Uney is now close to completing his sixth full round of the Wainwrights and has a wealth of experience of the Lakeland fells, having spent five years as one of the national park’s winter felltop assessors, making the ascent of Helvellyn more than 600 times. He also runs numerous courses as a mountain instructor and provides guided walks in the area and lives on the eastern fringes of the national park.

The book is arranged in sections corresponding to each of the seven volumes of Wainwright’s Pictorial Guides to the Lakeland Fells, and begins with three walks that take in only one fell each, indicative of the fact it’s not always easy to link Wainwrights for a day’s walking.

Each walk is prefaced by its location in relation to Wainwright’s volume titles, a distance, ascent in metres and a list of felltops visited, along with their grid reference and height above sea level. The start point is also detailed by a grid reference.

The walk descriptions are simple but should allow competent walkers to follow. There are sketch maps for each chapter, with the route marked out in dotted lines. As well as topographical features, the maps have contour lines and crags and outcrops included.

There are also box-outs on the pages that include historical and other facts about some of the sights to be seen on the route. Uney’s colour photographs of the fells are liberally scattered across the pages of the book.

Because of the nature of the layout of the Lakeland fells, some peaks, such as Fairfield and Hart Crag, appear in more than one chapter.

Some walks, including the Fairfield Horseshoe from Ambleside, and the Kentmere Horseshoe, enable eight Wainwrights to be bagged in one journey.

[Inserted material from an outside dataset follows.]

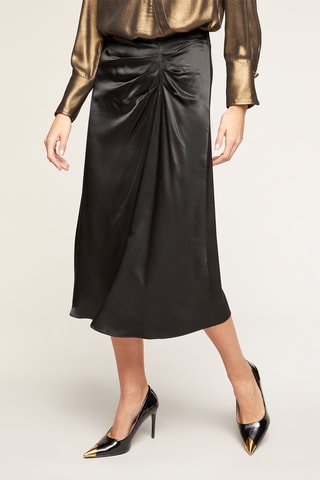 Falda midi - 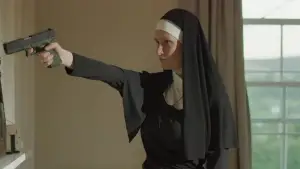 Задник до фильму"Bikini Nuns" #790653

Uney’s intimate knowledge of the Lake District fells is demonstrated by useful snippets, for instance where a path diverges on the ground from the course marked on OS maps. Where enhanced navigation skills might be needed, the author makes a note of this for the wary walker.

For anyone up for the grade-one scramble up Jack’s Rake on Pavey Ark, the book gives a detailed description of the ascent. Uney also suggests a route that will take you to the summit of England’s highest peak, Scafell Pike, while avoiding the hordes using the most popular path. And did you know there was a gnome garden in a very surprising place in the Lake District? It’s certainly out of bounds to walkers. In the section covering the Back o’ Skiddaw, there’s even the chance, with no extra effort, to summit a fell many reckon should be a Wainwright but, for some reason wasn’t included in his series of guidebooks.

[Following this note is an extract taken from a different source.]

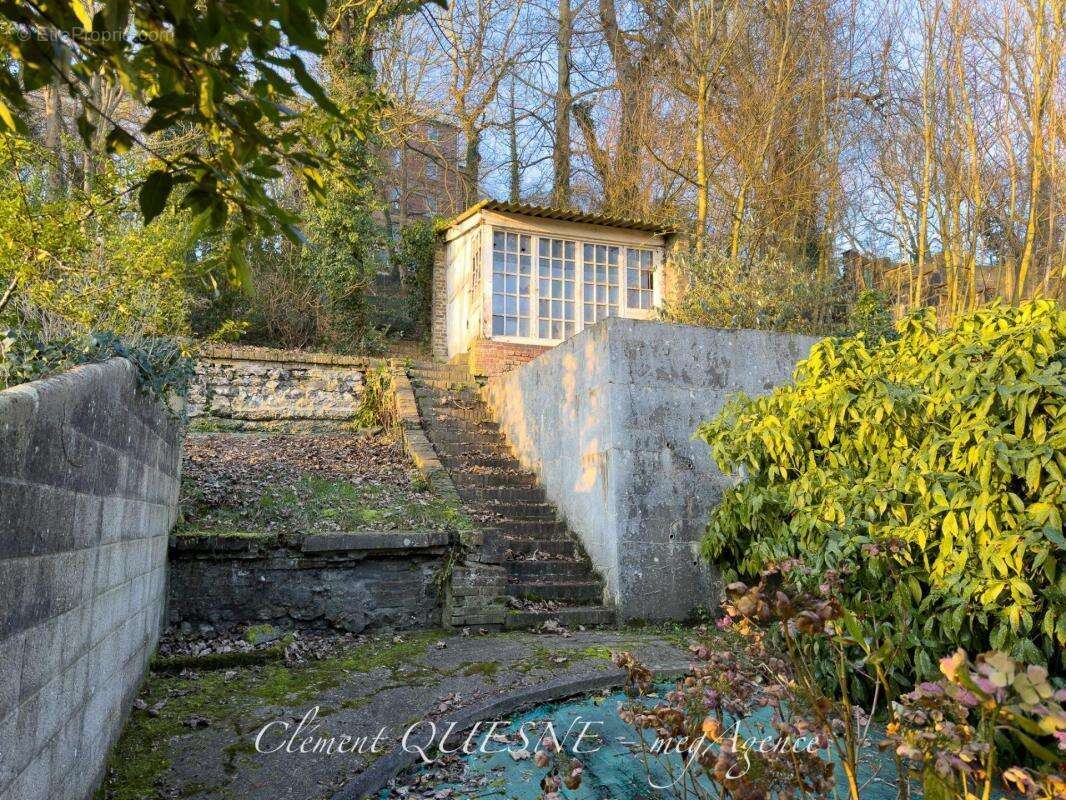 Appartement à DIEPPE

In fact, there are a few queries as to why Wainwright chose particular fells for inclusion over perhaps more deserving ones, but for baggers, all 214 peaks described by the late author are included. Turn-by-turn descriptions of ascents should enable walkers to tick off each summit. Some walks are major day-long excursions; others can be done in a short evening saunter. One particular route in the north-west fells entails visiting 10 Wainwrights in one trek, albeit an eight- to nine-hour, 22km yomp with 1,620m of ascent. Uney describes this one as ‘a true challenge of a walk’.

Walking the Wainwrights also has a full list of the 214 fells, plus an alphabetical index of place names in the book, along with a small-scale map on the inside back cover locating all the peaks detailed.

The Wainwrights are an easier prospect for completers than the Scottish munros, being less numerous, all within a relatively compact geographical boundary and generally of a lower height. The original author’s accounts of the fells are true works of art and reflect his sometimes idiosyncratic and always self-assured views of the Lakeland fells but, with a few exceptions, don’t provide the sort of day-long round trips that Graham Uney has put together for this new book.

Anyone setting out to start their quest to bag the Wainwrights, continue to tick off some more towards their target or simply enjoy a good walk on some of Cumbria’s finest peaks, regardless of their list status, will find Walking the Wainwrights a useful guide.

Walking the Wainwrights – 64 Walks to Climb 214 Wainwrights of Lakeland, by Graham Uney, is published by Pesda Press. Softback, £19.99.